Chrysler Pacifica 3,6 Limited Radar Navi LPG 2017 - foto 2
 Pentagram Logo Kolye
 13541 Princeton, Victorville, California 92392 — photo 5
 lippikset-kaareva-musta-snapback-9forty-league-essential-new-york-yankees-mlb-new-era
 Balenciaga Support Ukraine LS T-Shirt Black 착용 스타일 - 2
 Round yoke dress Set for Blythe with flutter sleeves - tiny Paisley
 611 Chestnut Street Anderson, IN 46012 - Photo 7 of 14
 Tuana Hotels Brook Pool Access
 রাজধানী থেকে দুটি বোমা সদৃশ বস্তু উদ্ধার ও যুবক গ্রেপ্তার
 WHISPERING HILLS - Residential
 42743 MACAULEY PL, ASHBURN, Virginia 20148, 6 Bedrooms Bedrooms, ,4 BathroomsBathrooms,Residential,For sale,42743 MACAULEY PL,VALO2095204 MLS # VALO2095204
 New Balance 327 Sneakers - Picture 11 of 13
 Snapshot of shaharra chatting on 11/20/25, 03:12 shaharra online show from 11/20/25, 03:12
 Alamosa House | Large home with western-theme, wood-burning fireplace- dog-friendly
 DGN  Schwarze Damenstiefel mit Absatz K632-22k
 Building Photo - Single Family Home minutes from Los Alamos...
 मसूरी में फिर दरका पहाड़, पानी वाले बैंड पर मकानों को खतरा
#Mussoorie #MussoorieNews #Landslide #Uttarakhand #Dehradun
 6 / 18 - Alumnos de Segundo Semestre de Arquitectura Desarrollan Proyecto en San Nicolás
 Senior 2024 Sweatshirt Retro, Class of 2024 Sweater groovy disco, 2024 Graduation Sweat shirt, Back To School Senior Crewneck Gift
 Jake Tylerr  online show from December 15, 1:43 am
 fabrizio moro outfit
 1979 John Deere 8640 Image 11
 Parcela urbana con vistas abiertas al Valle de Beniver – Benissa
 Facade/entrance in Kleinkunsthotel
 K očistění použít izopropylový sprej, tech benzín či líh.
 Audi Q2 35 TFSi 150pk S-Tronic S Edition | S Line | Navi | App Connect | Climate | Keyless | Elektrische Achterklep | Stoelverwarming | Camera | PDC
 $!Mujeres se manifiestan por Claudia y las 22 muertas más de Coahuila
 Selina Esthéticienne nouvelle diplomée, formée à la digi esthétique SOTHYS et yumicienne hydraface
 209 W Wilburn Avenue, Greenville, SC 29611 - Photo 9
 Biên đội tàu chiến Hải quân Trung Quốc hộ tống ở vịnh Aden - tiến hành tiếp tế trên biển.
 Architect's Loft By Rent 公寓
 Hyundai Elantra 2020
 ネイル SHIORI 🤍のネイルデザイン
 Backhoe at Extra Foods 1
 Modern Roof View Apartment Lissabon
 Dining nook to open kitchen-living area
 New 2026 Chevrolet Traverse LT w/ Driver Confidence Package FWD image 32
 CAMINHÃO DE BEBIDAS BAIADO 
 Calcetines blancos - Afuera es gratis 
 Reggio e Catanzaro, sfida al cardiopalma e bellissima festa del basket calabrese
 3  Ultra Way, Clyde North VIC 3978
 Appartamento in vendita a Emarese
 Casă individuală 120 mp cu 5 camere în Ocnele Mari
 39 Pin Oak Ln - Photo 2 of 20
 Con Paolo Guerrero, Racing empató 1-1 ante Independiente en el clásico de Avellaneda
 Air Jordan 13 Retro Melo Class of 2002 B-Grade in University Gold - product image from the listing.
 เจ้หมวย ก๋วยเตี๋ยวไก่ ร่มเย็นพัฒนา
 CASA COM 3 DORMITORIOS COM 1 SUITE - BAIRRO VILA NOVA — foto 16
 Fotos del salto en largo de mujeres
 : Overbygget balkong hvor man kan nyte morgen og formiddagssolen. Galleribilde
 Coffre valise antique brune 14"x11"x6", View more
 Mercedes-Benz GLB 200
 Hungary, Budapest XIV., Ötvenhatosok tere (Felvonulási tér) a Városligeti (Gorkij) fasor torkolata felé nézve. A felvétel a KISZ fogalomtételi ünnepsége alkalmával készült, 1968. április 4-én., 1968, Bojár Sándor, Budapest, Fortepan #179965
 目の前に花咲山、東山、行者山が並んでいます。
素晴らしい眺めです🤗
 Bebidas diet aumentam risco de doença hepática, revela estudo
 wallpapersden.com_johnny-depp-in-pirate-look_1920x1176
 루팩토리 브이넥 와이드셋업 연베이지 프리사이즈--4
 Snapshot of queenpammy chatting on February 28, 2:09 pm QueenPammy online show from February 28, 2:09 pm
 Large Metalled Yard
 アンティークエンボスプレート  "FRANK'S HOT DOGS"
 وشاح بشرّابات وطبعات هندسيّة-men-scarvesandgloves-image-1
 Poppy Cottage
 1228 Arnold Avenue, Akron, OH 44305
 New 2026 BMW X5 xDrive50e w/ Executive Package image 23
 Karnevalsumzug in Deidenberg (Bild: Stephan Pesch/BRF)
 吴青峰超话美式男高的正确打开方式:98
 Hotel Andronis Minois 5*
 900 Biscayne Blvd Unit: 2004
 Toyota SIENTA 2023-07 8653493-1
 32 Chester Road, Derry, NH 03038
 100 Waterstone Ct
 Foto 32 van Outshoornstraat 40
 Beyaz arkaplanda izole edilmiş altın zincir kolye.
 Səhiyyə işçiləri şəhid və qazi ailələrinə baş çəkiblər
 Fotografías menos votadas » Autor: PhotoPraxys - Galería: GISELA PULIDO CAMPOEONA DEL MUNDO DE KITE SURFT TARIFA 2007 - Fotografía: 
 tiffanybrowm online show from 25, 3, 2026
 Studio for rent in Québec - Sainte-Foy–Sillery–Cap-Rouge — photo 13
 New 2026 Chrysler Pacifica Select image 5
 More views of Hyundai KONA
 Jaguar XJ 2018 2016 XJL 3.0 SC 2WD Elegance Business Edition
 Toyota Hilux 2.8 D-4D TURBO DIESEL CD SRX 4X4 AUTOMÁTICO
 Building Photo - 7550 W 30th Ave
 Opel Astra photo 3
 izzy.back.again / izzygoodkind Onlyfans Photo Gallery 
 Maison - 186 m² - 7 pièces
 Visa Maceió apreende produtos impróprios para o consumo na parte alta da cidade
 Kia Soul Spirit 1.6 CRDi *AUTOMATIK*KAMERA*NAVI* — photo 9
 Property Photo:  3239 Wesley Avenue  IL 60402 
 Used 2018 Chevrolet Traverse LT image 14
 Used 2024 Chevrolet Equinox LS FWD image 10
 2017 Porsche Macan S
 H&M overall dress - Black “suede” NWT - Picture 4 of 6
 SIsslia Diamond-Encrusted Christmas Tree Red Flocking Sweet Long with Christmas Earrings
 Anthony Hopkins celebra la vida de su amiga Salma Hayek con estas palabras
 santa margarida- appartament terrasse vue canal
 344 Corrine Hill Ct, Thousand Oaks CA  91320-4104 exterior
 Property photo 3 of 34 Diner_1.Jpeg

******************************

- [Work request]
Give the entries again in full, with nothing changed.

- [Answer below]
Chrysler Pacifica 3,6 Limited Radar Navi LPG 2017 - foto 2
 Pentagram Logo Kolye
 13541 Princeton, Victorville, California 92392 — photo 5
 lippikset-kaareva-musta-snapback-9forty-league-essential-new-york-yankees-mlb-new-era
 Balenciaga Support Ukraine LS T-Shirt Black 착용 스타일 - 2
 Round yoke dress Set for Blythe with flutter sleeves - tiny Paisley
 611 Chestnut Street Anderson, IN 46012 - Photo 7 of 14
 Tuana Hotels Brook Pool Access
 রাজধানী থেকে দুটি বোমা সদৃশ বস্তু উদ্ধার ও যুবক গ্রেপ্তার
 WHISPERING HILLS - Residential
 42743 MACAULEY PL, ASHBURN, Virginia 20148, 6 Bedrooms Bedrooms, ,4 BathroomsBathrooms,Residential,For sale,42743 MACAULEY PL,VALO2095204 MLS # VALO2095204
 New Balance 327 Sneakers - Picture 11 of 13
 Snapshot of shaharra chatting on 11/20/25, 03:12 shaharra online show from 11/20/25, 03:12
 Alamosa House | Large home with western-theme, wood-burning fireplace- dog-friendly
 DGN  Schwarze Damenstiefel mit Absatz K632-22k
 Building Photo - Single Family Home minutes from Los Alamos...
 मसूरी में फिर दरका पहाड़, पानी वाले बैंड पर मकानों को खतरा
#Mussoorie #MussoorieNews #Landslide #Uttarakhand #Dehradun
 6 / 18 - Alumnos de Segundo Semestre de Arquitectura Desarrollan Proyecto en San Nicolás
 Senior 2024 Sweatshirt Retro, Class of 2024 Sweater groovy disco, 2024 Graduation Sweat shirt, Back To School Senior Crewneck Gift
 Jake Tylerr  online show from December 15, 1:43 am
 fabrizio moro outfit
 1979 John Deere 8640 Image 11
 Parcela urbana con vistas abiertas al Valle de Beniver – Benissa
 Facade/entrance in Kleinkunsthotel
 K očistění použít izopropylový sprej, tech benzín či líh.
 Audi Q2 35 TFSi 150pk S-Tronic S Edition | S Line | Navi | App Connect | Climate | Keyless | Elektrische Achterklep | Stoelverwarming | Camera | PDC
 $!Mujeres se manifiestan por Claudia y las 22 muertas más de Coahuila
 Selina Esthéticienne nouvelle diplomée, formée à la digi esthétique SOTHYS et yumicienne hydraface
 209 W Wilburn Avenue, Greenville, SC 29611 - Photo 9
 Biên đội tàu chiến Hải quân Trung Quốc hộ tống ở vịnh Aden - tiến hành tiếp tế trên biển.
 Architect's Loft By Rent 公寓
 Hyundai Elantra 2020
 ネイル SHIORI 🤍のネイルデザイン
 Backhoe at Extra Foods 1
 Modern Roof View Apartment Lissabon
 Dining nook to open kitchen-living area
 New 2026 Chevrolet Traverse LT w/ Driver Confidence Package FWD image 32
 CAMINHÃO DE BEBIDAS BAIADO 
 Calcetines blancos - Afuera es gratis 
 Reggio e Catanzaro, sfida al cardiopalma e bellissima festa del basket calabrese
 3  Ultra Way, Clyde North VIC 3978
 Appartamento in vendita a Emarese
 Casă individuală 120 mp cu 5 camere în Ocnele Mari
 39 Pin Oak Ln - Photo 2 of 20
 Con Paolo Guerrero, Racing empató 1-1 ante Independiente en el clásico de Avellaneda
 Air Jordan 13 Retro Melo Class of 2002 B-Grade in University Gold - product image from the listing.
 เจ้หมวย ก๋วยเตี๋ยวไก่ ร่มเย็นพัฒนา
 CASA COM 3 DORMITORIOS COM 1 SUITE - BAIRRO VILA NOVA — foto 16
 Fotos del salto en largo de mujeres
 : Overbygget balkong hvor man kan nyte morgen og formiddagssolen. Galleribilde
 Coffre valise antique brune 14"x11"x6", View more
 Mercedes-Benz GLB 200
 Hungary, Budapest XIV., Ötvenhatosok tere (Felvonulási tér) a Városligeti (Gorkij) fasor torkolata felé nézve. A felvétel a KISZ fogalomtételi ünnepsége alkalmával készült, 1968. április 4-én., 1968, Bojár Sándor, Budapest, Fortepan #179965
 目の前に花咲山、東山、行者山が並んでいます。
素晴らしい眺めです🤗
 Bebidas diet aumentam risco de doença hepática, revela estudo
 wallpapersden.com_johnny-depp-in-pirate-look_1920x1176
 루팩토리 브이넥 와이드셋업 연베이지 프리사이즈--4
 Snapshot of queenpammy chatting on February 28, 2:09 pm QueenPammy online show from February 28, 2:09 pm
 Large Metalled Yard
 アンティークエンボスプレート  "FRANK'S HOT DOGS"
 وشاح بشرّابات وطبعات هندسيّة-men-scarvesandgloves-image-1
 Poppy Cottage
 1228 Arnold Avenue, Akron, OH 44305
 New 2026 BMW X5 xDrive50e w/ Executive Package image 23
 Karnevalsumzug in Deidenberg (Bild: Stephan Pesch/BRF)
 吴青峰超话美式男高的正确打开方式:98
 Hotel Andronis Minois 5*
 900 Biscayne Blvd Unit: 2004
 Toyota SIENTA 2023-07 8653493-1
 32 Chester Road, Derry, NH 03038
 100 Waterstone Ct
 Foto 32 van Outshoornstraat 40
 Beyaz arkaplanda izole edilmiş altın zincir kolye.
 Səhiyyə işçiləri şəhid və qazi ailələrinə baş çəkiblər
 Fotografías menos votadas » Autor: PhotoPraxys - Galería: GISELA PULIDO CAMPOEONA DEL MUNDO DE KITE SURFT TARIFA 2007 - Fotografía: 
 tiffanybrowm online show from 25, 3, 2026
 Studio for rent in Québec - Sainte-Foy–Sillery–Cap-Rouge — photo 13
 New 2026 Chrysler Pacifica Select image 5
 More views of Hyundai KONA
 Jaguar XJ 2018 2016 XJL 3.0 SC 2WD Elegance Business Edition
 Toyota Hilux 2.8 D-4D TURBO DIESEL CD SRX 4X4 AUTOMÁTICO
 Building Photo - 7550 W 30th Ave
 Opel Astra photo 3
 izzy.back.again / izzygoodkind Onlyfans Photo Gallery 
 Maison - 186 m² - 7 pièces
 Visa Maceió apreende produtos impróprios para o consumo na parte alta da cidade
 Kia Soul Spirit 1.6 CRDi *AUTOMATIK*KAMERA*NAVI* — photo 9
 Property Photo:  3239 Wesley Avenue  IL 60402 
 Used 2018 Chevrolet Traverse LT image 14
 Used 2024 Chevrolet Equinox LS FWD image 10
 2017 Porsche Macan S
 H&M overall dress - Black “suede” NWT - Picture 4 of 6
 SIsslia Diamond-Encrusted Christmas Tree Red Flocking Sweet Long with Christmas Earrings
 Anthony Hopkins celebra la vida de su amiga Salma Hayek con estas palabras
 santa margarida- appartament terrasse vue canal
 344 Corrine Hill Ct, Thousand Oaks CA  91320-4104 exterior
 Property photo 3 of 34 Diner_1.Jpeg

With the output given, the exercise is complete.